YOUR OBJECTIVE.
Retype the data below verbatim; pictures do not belong in the copy.

GIVEN INFORMATION.
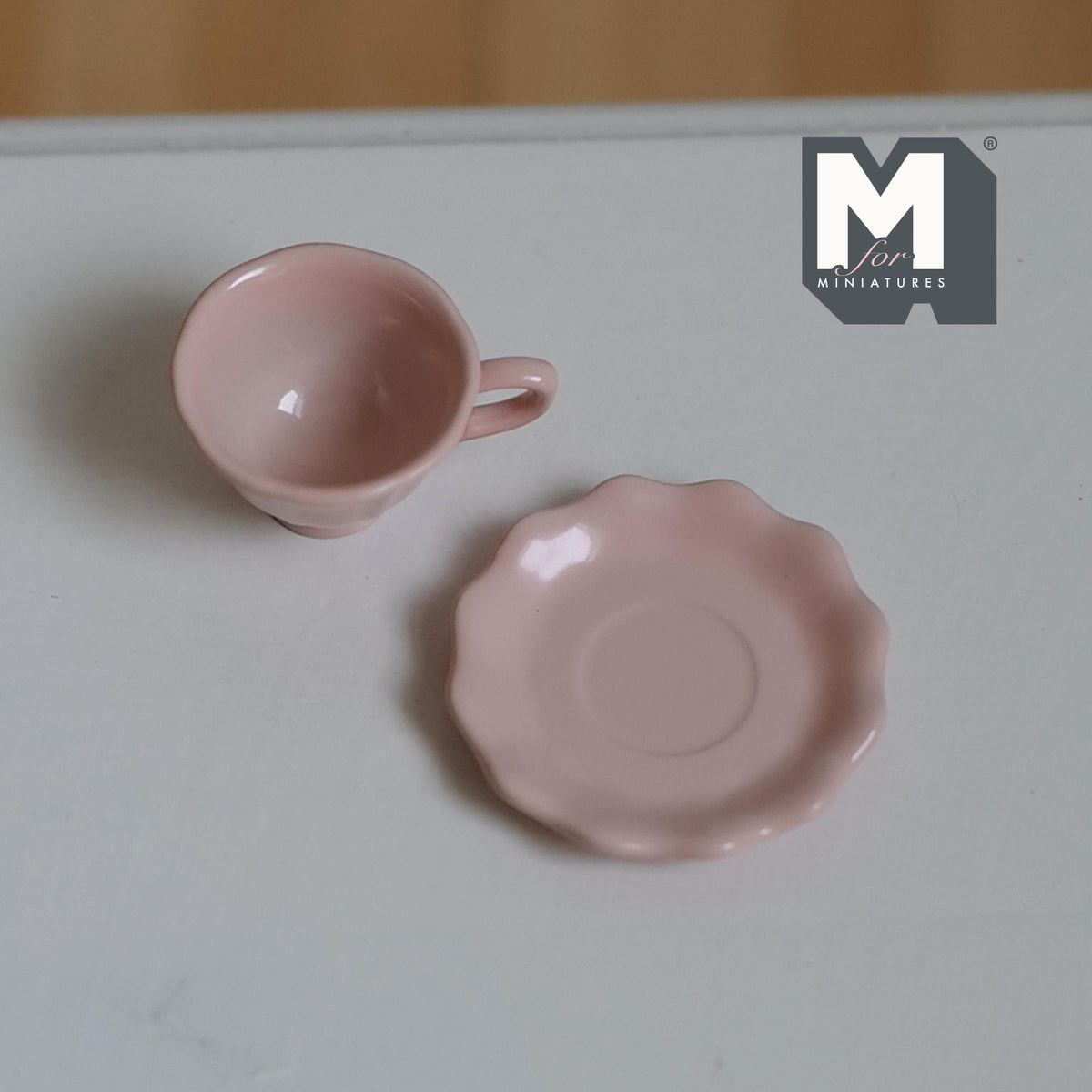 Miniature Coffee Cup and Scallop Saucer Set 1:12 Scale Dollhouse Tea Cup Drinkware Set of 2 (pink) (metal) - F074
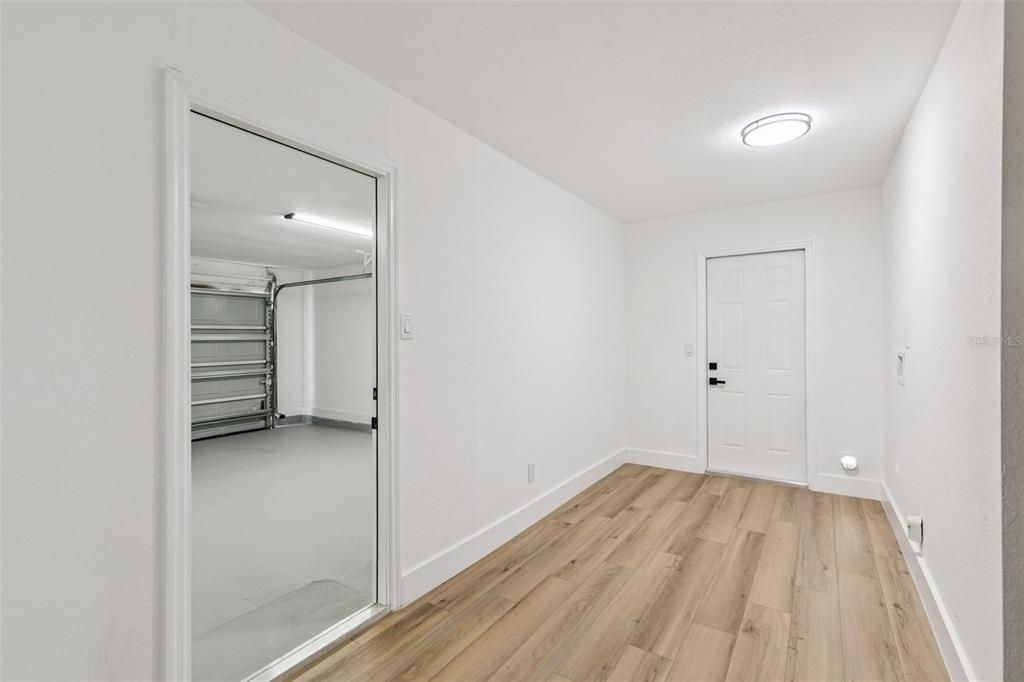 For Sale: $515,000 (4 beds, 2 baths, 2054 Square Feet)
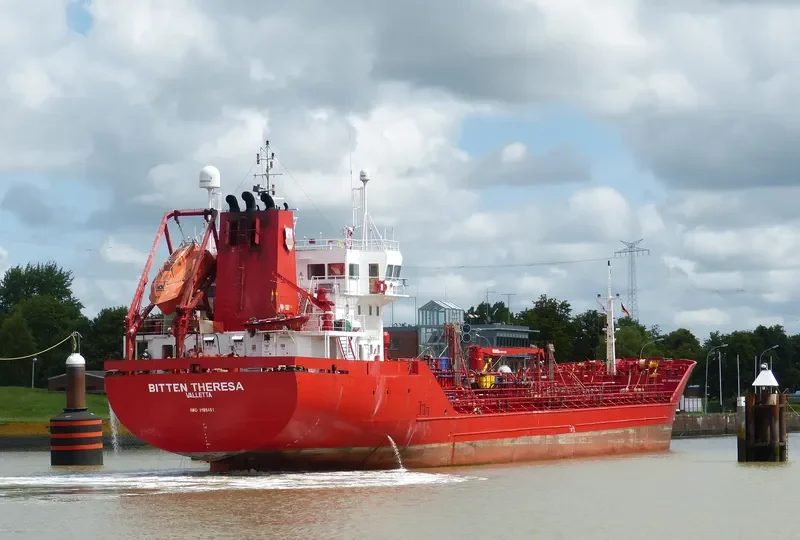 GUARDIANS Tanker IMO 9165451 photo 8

RESULT FOR THIS TASK.
 Miniature Coffee Cup and Scallop Saucer Set 1:12 Scale Dollhouse Tea Cup Drinkware Set of 2 (pink) (metal) - F074
 For Sale: $515,000 (4 beds, 2 baths, 2054 Square Feet)
 GUARDIANS Tanker IMO 9165451 photo 8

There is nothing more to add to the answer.